Même s'il connaît des débordements? >> J'ai derrière moi 40ans de militantisme, et je n'ai jamais été impressionné. Surtout pas par des casseurs. Notre société est violente, et c'est malheureux qu'on ne s'en aperçoive que maintenant. Pour être proche de l'école de la 2e chance, et des associations de personnes en difficulté, ça me surprend d'ailleurs que ces débordements ne soient pas arrivés plut tôt, et plus brutalement... C'est un cri très fort lancé à notre société. Et la façon dont Monsieur Hortefeux fait l'amalgame entre casseurs et jeunes des banlieues est insupportable.

À la veille des vacances, le mouvement chez les lycéens et les étudiants est-il appelé à perdurer? >> C'est une erreur de croire que les jeunes manifestent juste pour manifester. On ne me fera pas dire qu'ils défilent uniquement contre la réforme des retraites, mais il faut comprendre pourquoi ils descendent dans la rue. La question des retraites ne cristallise pas seulement le mécontentement des salariés: derrière se posent les questions de justice salariale, des inégalités, de la précarité... Les jeunes s'inquiètent pour tout ça aussi. Ce qui est dommage, c'est qu'on ne leur donne pas assez la parole, qu'on ne les écoute pas.

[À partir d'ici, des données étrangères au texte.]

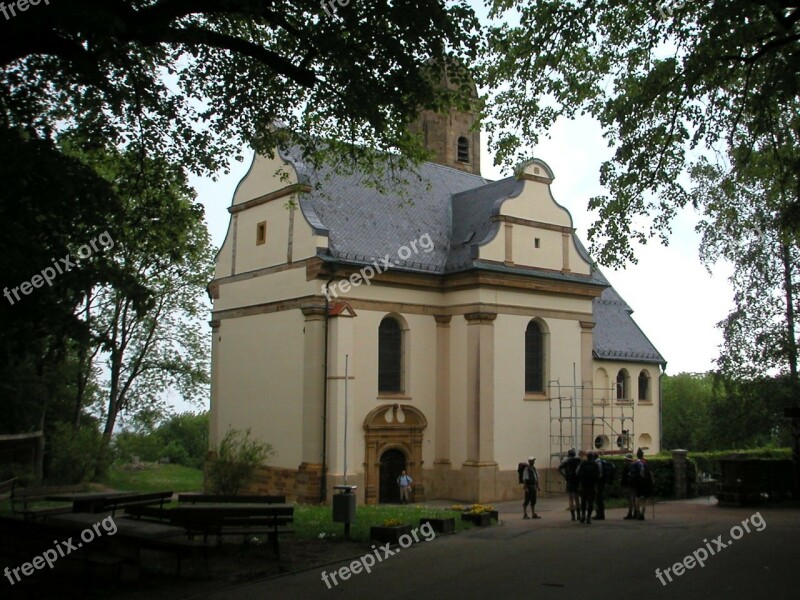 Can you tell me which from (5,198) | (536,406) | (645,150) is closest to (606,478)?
(645,150)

En 2003, vous étiez négociateur à la CFDT pour la réforme des retraites. Comment l'imaginiez-vous? >> En 2003, je pensais qu'on pouvait réformer les retraites par des rendez-vous successifs. Mais la France en est incapable. La piste ouverte hier par le Sénat sur la réforme systémique est une bonne chose, il faut l'explorer à fond. En supprimant d'abord toutes les bornes d'âge, puis en agissant sur d'autres paramètres tels que la croissance, les taux d'emploi... Il faut laisser une liberté de choix, encadrée bien sûr, aux salariés, tout en tenant compte des parcours professionnels de chacun et des « aléas » de la vie. La retraite d'un salarié ayant eu un seul employeur ou ayant commencé à travailler dès 18ans ne peut pas être la même que celle de celui qui a enchaîné les entreprises et suivi des études. Il n'y a pas de modèle pour cela, mais la France devrait s'inspirer de nos voisins européens.

Quelle est pour vous la porte de sortie à ce mouvement? >> Le gouvernement doit prendre acte de ce que lui disent la rue et les syndicats. Il se trompe. Il se renferme dans ses certitudes. Or on ne réforme pas la société sans la société. Le Président pense que les chiffres 62 et 67 vont lui faire gagner les prochaines élections, mais il oublie que les problèmes sociaux vont arriver et qu'avec sa méthode, il a bloqué toutes les discussions pour les 18prochains mois! On doit s'attendre à une période peu lisible et sensible.